This was the first-ever meal I had alone: a snacky platter of momos, something fancy whose name I don’t remember, and french fries.
I had just moved out of home (quite literally), landed in a different city, and the first place I went was a cafe. I had an unbearable pang of hunger and nowhere to be until late evening.
I remember it distinctly because it seemed so unusual to my 17-year old self. The social stigma with “oh God, no one should have to eat alone, that’s so sad” was too big in my head for some reason. I was too self-conscious: Are people staring at me? Do people think I’m weird? Should I have ordered a takeaway instead?
That was the first of many, many meals I would have alone in the next 3 years.
But the first time is the hardest (and a few times after that also, to be honest). Despite that uncomfortableness of the stigma that was in my own head, I enjoyed the experience of eating alone a lot. The other side of my head marveled at how beautiful the platter looked and how tempting the dishes are — it’s all for me to relish! How soothing if all these people stopped judging me, I thought.
The next couple of times, as a coping mechanism, I would bring a book to the table. But I never dared to open it — what if the sauce falls on the beautiful cover? I switched to earphones and pretended to watch FRIENDS or listen to music or some cool podcast to appear aloof, and, uhm “normal.”
I never read a page. I never listened to a podcast episode. All I did was try to hide the fact that I am eating alone from myself.
Inside my home, with no culture to guard me, I ate alone in pure bliss. I cooked for myself a meal only I would be able to digest (not a great cook, y’all, but it’s still edible). I would sometimes blast a TV show and other days I would just….eat.
Once solitude grew on me, so did eating alone. I came to look forward to it. I began to discard the culturally-unacceptable-reality I had built in my own head. Turns out I did watch FRIENDS and like Rachel, I’d be willing to turn down dates because I have a “date with myself.”
Don’t get me wrong, some of my best memories with food involve the passing of plates and a mouthful of conversations, but sometimes, I need a break. I like being alone and I like eating. It made sense to combine the two activities.
It had practical benefits too: I could eat in crowded restaurants because it’s easier to get a single seat. I can try a new dish that no one else might be willing to try. And best of all, I can eat without sharing (I’ll give you my heart but spare my food, please).

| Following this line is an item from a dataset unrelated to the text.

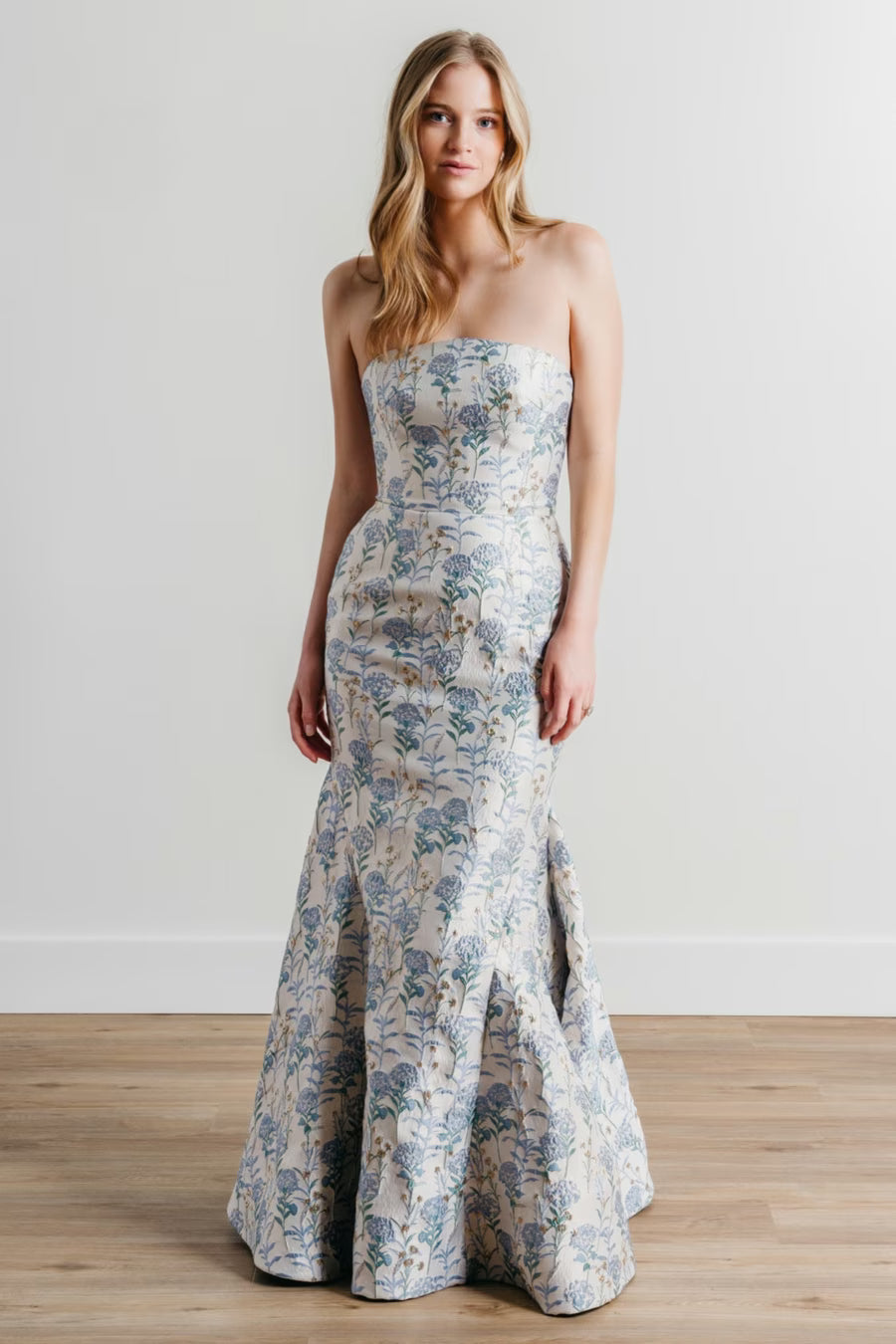 Claudia Frost Blue Gown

The dance of eating alone is mostly similar. Often, the first staffer is surprised when he/she/they hear no one else will be coming. I see the waiter’s faces change from confusion to pity as they serve a single plate. I imagine solo diners still look as weird to others as they did to me at 17.
I rarely enjoy anything as more as placing my full attention on food, on this moment, on the diner, hardly remembering I’m the only one without a companion.
Look at me, so well-fed, in belly and soul.